Data provided |

********************

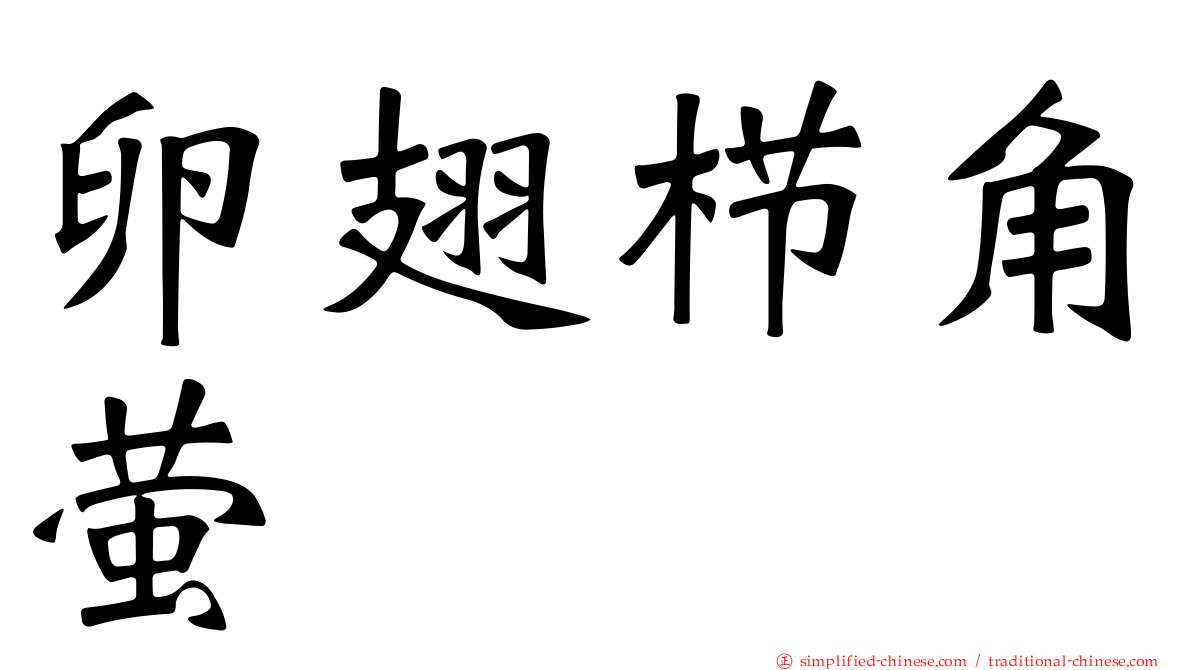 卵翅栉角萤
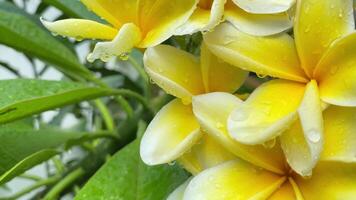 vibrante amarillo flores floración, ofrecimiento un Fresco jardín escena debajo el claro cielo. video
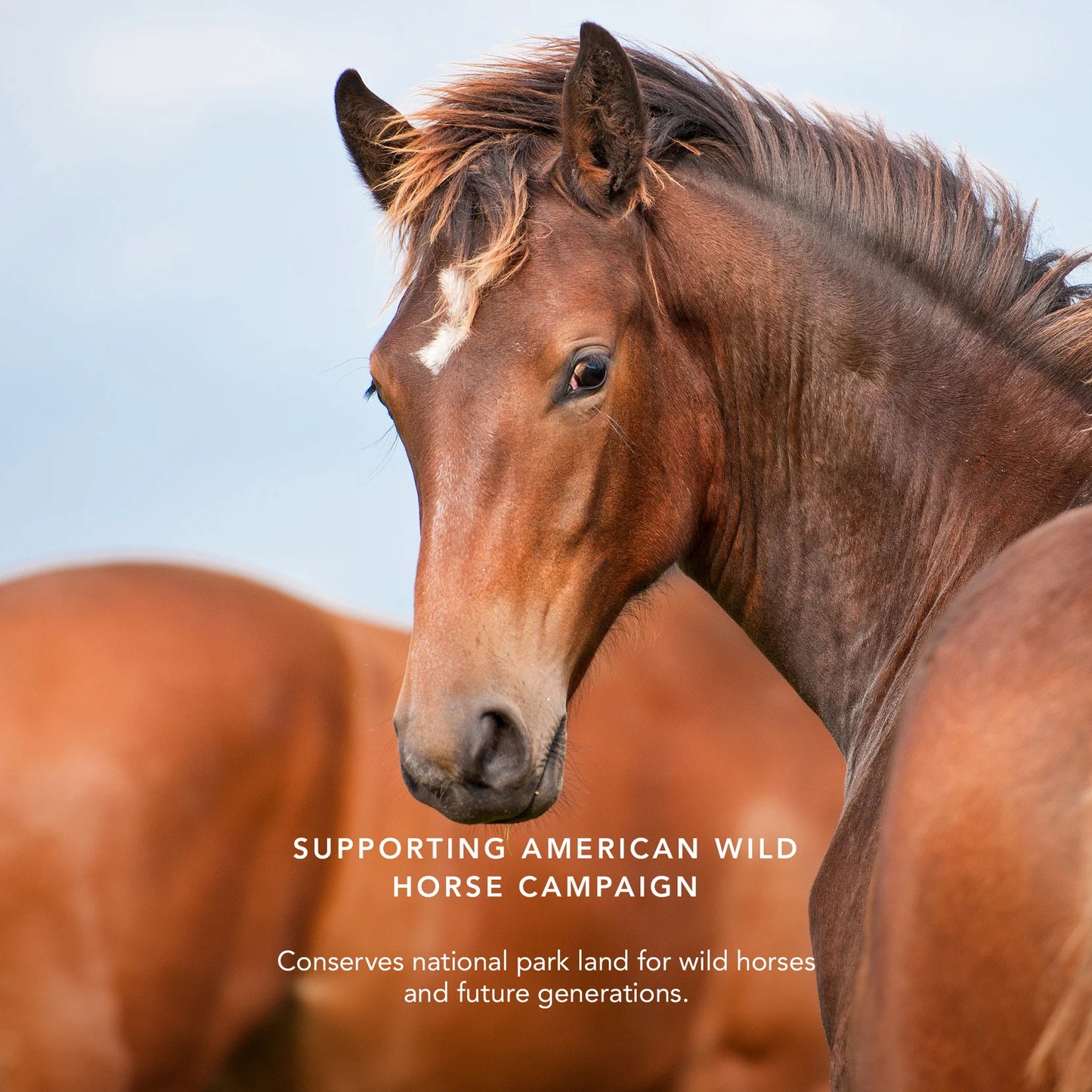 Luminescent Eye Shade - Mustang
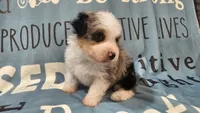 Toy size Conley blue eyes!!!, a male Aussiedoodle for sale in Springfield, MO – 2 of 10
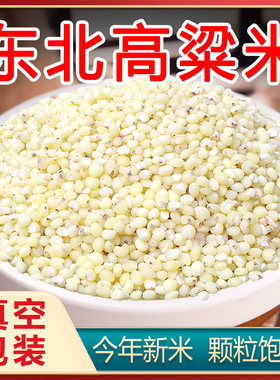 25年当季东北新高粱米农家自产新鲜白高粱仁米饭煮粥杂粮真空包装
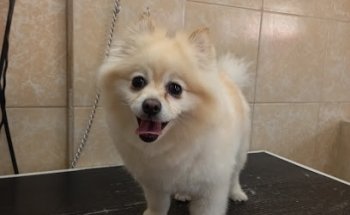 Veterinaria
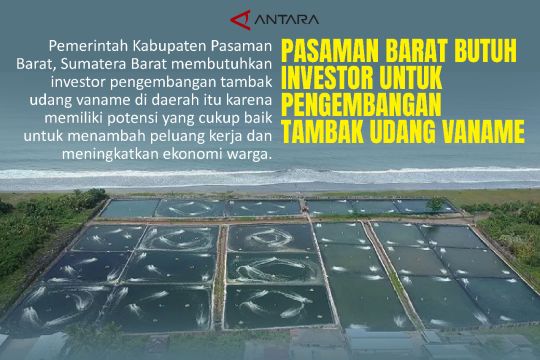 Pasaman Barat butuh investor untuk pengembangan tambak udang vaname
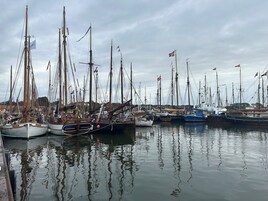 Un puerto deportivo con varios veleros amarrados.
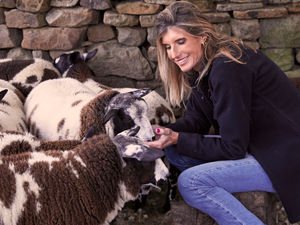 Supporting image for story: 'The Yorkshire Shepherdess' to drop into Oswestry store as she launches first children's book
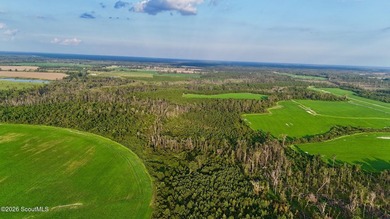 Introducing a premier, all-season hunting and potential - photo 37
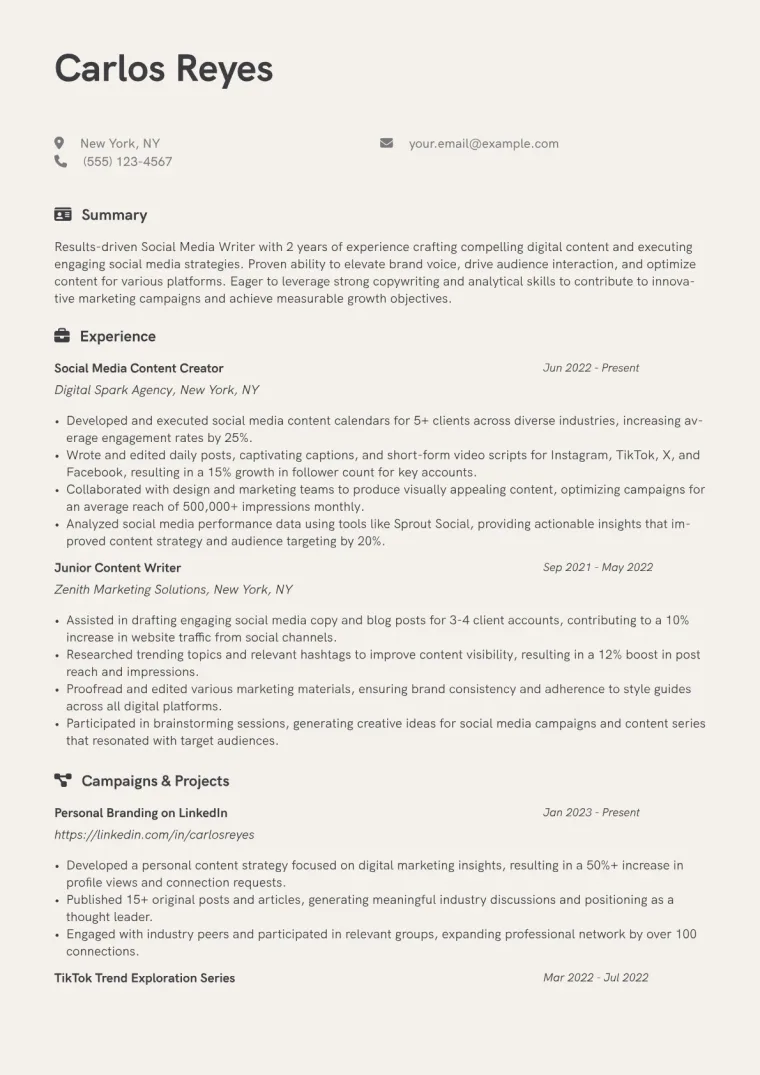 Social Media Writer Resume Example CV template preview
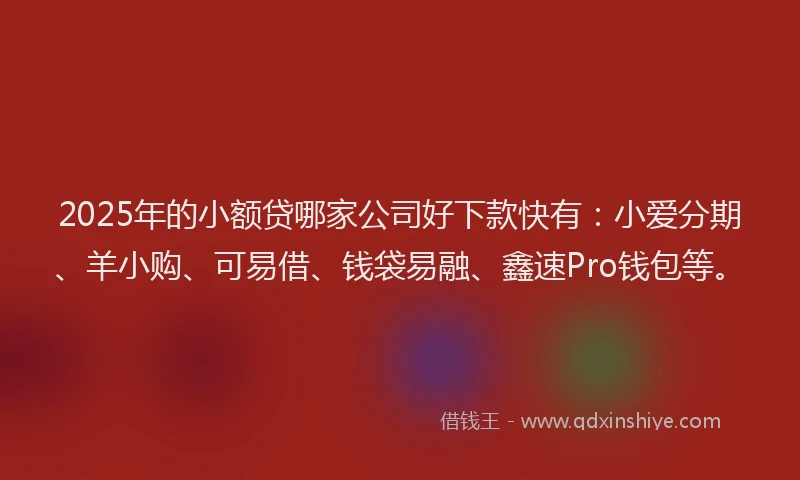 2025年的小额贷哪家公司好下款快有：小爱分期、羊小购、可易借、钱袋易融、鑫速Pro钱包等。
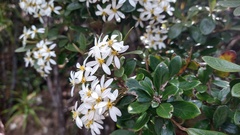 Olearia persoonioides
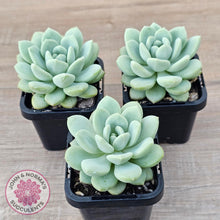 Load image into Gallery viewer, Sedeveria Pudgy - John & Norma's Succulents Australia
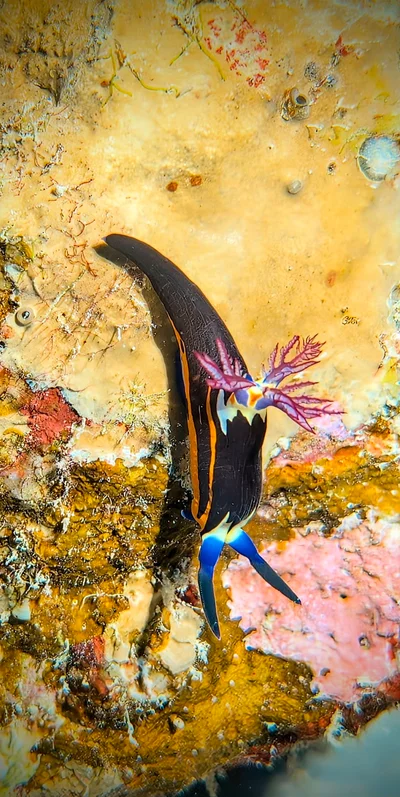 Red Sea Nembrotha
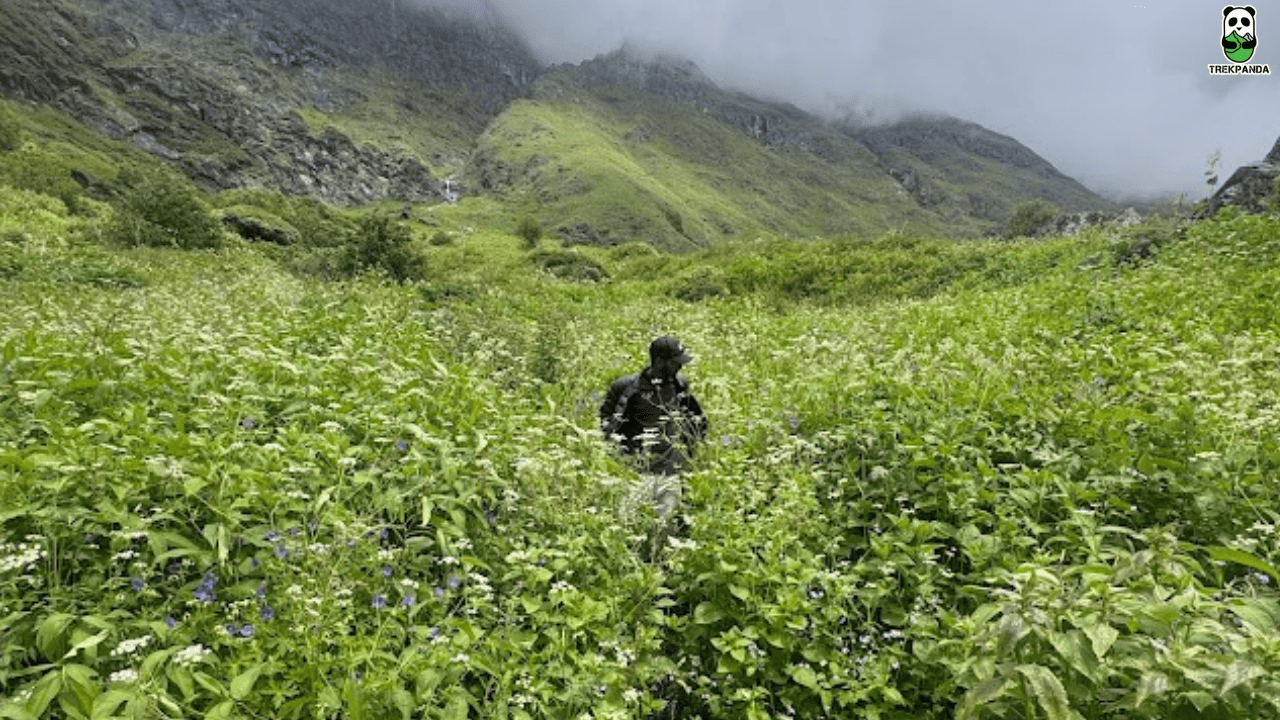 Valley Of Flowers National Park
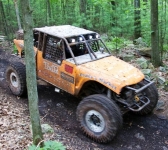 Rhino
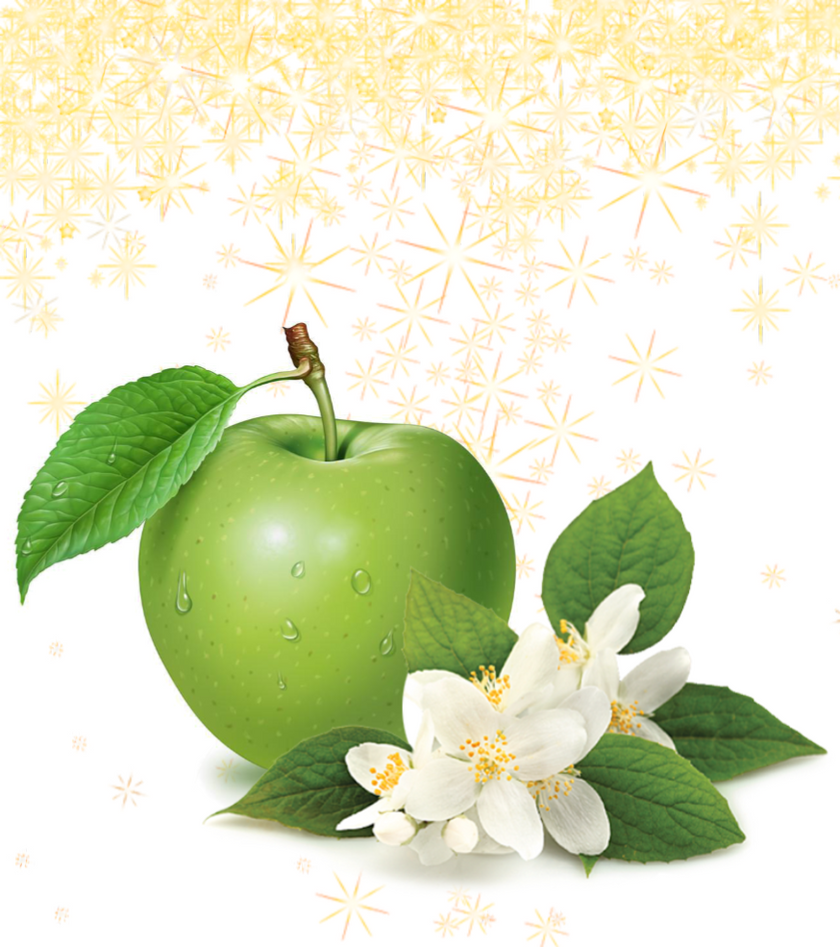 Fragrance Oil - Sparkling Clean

********************

Please retype the lines from the one that contains "Introducing a premier, all-season" to the final line of the records, both included, exactly as written and without any pictures.

Response to the exercise |
 Introducing a premier, all-season hunting and potential - photo 37
 Social Media Writer Resume Example CV template preview
 2025年的小额贷哪家公司好下款快有：小爱分期、羊小购、可易借、钱袋易融、鑫速Pro钱包等。
 Olearia persoonioides
 Load image into Gallery viewer, Sedeveria Pudgy - John & Norma's Succulents Australia
 Red Sea Nembrotha
 Valley Of Flowers National Park
 Rhino
 Fragrance Oil - Sparkling Clean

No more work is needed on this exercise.